DAUKSCH, J., concurs.

GRIFFIN, C.J., and HARRIS, J., concur and concur specially with opinions.

GRIFFIN, Chief Judge, concurring specially.

In fairness to the plaintiff, I should explain my reason for voting to affirm the lower tribunal even though I reject the "but for" analysis discussed in the concurring opinion. The exclusion at issue precludes coverage for liability by reason of giving an alcoholic beverage to a minor. The negligent act alleged is giving the intoxicated victim access to his car. If it is independently actionably negligent to allow the plaintiff to operate a motor vehicle knowing he is intoxicated, then the fact that supplying the alcohol to make him drunk is not a covered risk cannot eliminate coverage for the negligent entrustment tort. Clearly, if the defendant had not supplied the alcohol but had nevertheless followed the same path in allowing the intoxicated plaintiff to drive, there would be no basis to deny coverage. To me, the "but for" test is not persuasive. The plaintiff can plead the defendant's knowledge of intoxication by alleging the fact that it was the defendant who supplied him with the intoxicant without eliminating coverage for the independent tort of negligent entrustment.

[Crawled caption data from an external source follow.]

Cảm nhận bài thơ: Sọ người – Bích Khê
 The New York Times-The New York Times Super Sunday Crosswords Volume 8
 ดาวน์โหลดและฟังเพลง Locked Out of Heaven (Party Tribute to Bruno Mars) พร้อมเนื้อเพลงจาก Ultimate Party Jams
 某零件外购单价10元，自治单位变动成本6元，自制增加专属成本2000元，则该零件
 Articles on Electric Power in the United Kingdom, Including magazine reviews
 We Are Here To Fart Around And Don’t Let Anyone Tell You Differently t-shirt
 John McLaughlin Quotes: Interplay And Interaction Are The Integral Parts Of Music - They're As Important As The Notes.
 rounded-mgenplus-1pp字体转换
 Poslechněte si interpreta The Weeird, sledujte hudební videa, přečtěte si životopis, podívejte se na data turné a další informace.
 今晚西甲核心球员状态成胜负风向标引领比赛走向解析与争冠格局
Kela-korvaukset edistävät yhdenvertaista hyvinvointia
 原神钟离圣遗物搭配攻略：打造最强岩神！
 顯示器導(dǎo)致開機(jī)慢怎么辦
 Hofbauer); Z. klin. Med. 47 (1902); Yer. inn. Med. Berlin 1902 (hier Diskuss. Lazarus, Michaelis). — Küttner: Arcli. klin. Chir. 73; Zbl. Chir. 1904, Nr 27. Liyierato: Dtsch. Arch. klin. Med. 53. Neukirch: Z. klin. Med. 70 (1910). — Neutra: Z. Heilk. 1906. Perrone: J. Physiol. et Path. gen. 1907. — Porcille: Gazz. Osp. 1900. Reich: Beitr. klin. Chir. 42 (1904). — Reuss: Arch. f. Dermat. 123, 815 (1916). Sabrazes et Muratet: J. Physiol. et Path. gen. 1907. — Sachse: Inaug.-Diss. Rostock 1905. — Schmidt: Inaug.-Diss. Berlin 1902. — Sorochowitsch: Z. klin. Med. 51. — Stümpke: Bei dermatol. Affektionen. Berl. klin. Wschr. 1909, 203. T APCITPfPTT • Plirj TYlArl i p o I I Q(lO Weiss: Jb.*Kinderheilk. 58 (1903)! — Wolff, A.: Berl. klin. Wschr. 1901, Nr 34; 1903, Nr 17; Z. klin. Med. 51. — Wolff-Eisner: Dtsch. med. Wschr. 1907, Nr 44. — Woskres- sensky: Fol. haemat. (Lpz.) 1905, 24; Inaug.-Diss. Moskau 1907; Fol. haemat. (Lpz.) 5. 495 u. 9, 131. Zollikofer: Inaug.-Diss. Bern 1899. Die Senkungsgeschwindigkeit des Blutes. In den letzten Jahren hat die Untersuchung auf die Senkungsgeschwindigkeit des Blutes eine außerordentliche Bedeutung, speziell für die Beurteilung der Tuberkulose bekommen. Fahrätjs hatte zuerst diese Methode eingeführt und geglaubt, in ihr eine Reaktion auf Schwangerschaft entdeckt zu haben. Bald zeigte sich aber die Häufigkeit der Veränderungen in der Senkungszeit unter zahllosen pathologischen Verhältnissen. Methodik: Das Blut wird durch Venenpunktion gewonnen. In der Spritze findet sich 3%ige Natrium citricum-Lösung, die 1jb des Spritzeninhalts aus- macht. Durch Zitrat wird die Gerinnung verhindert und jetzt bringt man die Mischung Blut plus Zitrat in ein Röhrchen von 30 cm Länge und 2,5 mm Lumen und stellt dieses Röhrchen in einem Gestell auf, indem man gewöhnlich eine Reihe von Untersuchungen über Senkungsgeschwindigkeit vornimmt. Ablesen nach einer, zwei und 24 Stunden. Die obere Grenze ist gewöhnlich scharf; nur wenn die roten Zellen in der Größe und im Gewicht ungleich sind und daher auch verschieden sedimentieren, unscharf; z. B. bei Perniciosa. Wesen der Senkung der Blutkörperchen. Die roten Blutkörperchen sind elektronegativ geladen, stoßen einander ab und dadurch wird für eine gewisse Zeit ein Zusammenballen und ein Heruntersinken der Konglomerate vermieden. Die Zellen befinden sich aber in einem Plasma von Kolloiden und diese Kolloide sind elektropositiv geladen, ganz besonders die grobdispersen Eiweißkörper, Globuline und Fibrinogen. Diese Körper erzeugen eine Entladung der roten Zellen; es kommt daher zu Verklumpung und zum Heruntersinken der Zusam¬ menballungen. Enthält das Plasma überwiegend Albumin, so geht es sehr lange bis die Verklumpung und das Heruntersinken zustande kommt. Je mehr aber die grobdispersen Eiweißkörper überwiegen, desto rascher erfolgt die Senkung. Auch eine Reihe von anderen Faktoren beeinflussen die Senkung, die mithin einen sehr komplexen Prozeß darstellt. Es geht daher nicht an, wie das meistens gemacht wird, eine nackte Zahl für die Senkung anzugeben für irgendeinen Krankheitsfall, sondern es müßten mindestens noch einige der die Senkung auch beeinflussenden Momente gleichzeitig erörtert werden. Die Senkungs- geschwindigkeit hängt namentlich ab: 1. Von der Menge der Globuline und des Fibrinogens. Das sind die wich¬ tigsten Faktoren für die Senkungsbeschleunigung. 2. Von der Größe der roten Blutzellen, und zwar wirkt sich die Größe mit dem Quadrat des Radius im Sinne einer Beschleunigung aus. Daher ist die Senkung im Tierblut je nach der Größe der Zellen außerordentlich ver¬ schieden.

My reason for voting to affirm is that I do not believe that the failure to prevent an intoxicated person from operating his own vehicle is an independent tort. It may be that, given the opportunity, the high court of this state would find it actionable negligence to allow this young man to drive, knowing that he was intoxicated, but in my view it is not tortious. It may be desirable to try to prevent him from driving, but the failure to stop him from driving ought not to subject a person to liability for injury to the intoxicated *318 person or others he might injure.[1] Thus, if there is any tort at all, it must arise out of the act of supplying him with the alcohol with which he made himself unable to operate a motor vehicle. This is an excluded risk.

HARRIS, Judge, concurring specially:

I write to explain my basis for concurring.

Russom was a minor employed by Scarlett O'Hara's who had become intoxicated at a function sponsored by his employer. He drove away from the party in his own vehicle and struck Hack. Hack sued Russom and Scarlett O'Hara's claiming, among other counts, that Scarlett O'Hara's had committed the tort of negligent entrustment by permitting Russom access to his vehicle. The issue before us is not whether Scarlett O'Hara's is liable to Hack because it provided alcohol to its minor employee and then permitted him to drive knowing he was intoxicated. See Bardy v. Walt Disney World Co., 643 So.2d 46 (Fla. 5th DCA 1994), rev. denied, 651 So.2d 1197 (Fla.1995).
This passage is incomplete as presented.